For preemption to occur, there must be an ERISA plan implicated in the action. However, the mere existence of an ERISA plan is not enough for preemption; the state law in question must make reference to or function with respect to the ERISA plan. Forbus v. Sears Roebuck & Co., 30 F.3d 1402 (11th Cir.1994). This court must determine whether plaintiff's complaint seeks to enforce an ERISA agreement or asserts rights to future benefits under an ERISA plan. Wright, 262 F.3d at 613-14.

A law "relates to" an employee welfare plan if it has a connection with or reference to such a plan. FMC Corp. v. Holliday, 498 U.S. 52, 68, 111 S.Ct. 403, 112 L.Ed.2d 356 (1990); Shaw v. Delta Air Lines, 463 U.S. 85, 96-97, 103 S.Ct. 2890, 77 L.Ed.2d 490 (1983). State law includes "all laws, decisions, rules, regulations, or other State action having the effect of law[.]" 29 U.S.C. § 1144(c)(1). Thus, a state law may relate to a benefit plan for preemption purposes even if the law is not specifically designed to affect such plans or the effect is only indirect. Ingersoll-Rand Co. v. McClendon, 498 U.S. 133, 139, 111 S.Ct. 478, 112 L.Ed.2d 474 (1990).

However, state law claims whose effect on employee benefit plans is merely tenuous, remote or peripheral are not preempted. Shaw, 463 U.S. at 100 n. 21, 103 S.Ct. 2890; Cromwell, 944 F.2d at 1276. In deciding whether state law claims are preempted by ERISA, courts focus on the remedy sought by plaintiff. Lion's Volunteer Blind Indus., Inc. v. Automated Group Admin., Inc., 195 F.3d 803, 806 (6th Cir.1999).
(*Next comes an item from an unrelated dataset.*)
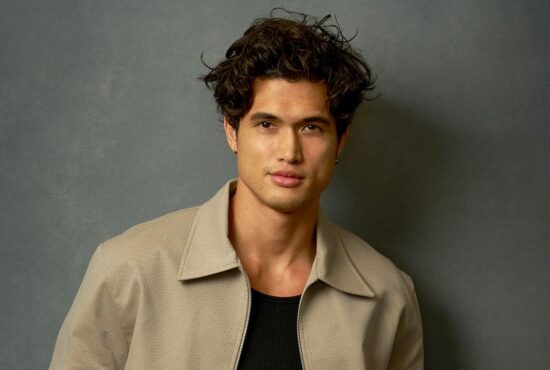 Kenali Model & Aktor Tampan Berdarah Kacukan, Charles Melton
A state law claim only peripherally affects a plan where a plaintiff refers to a benefit plan to support an employment discrimination claim, or where a plaintiff simply refers to specific, ascertainable damages by citing a life insurance contract. Marks v. Newcourt Credit Group, Inc., 342 F.3d 444, 452 (6th Cir.2003). In Marks, the court held that plaintiff's claim for wrongful rejection of his termination notice to avoid paying him funds he would otherwise be entitled to under an employee benefit plan was not preempted where plaintiff simply sought damages equaling the benefits he would have received under the plan, and where the reference to plan benefits was only a way to articulate specific, ascertainable damages. Id. at 453.

In Peters, the court held that a wrongful discharge claim which included incidental damages for loss of benefits under an ERISA-based plan was not preempted because all that was needed was a simple mathematical calculation of benefits, and the claimed damages thus related only peripherally to the ERISA plan. Peters, 285 F.3d at 469.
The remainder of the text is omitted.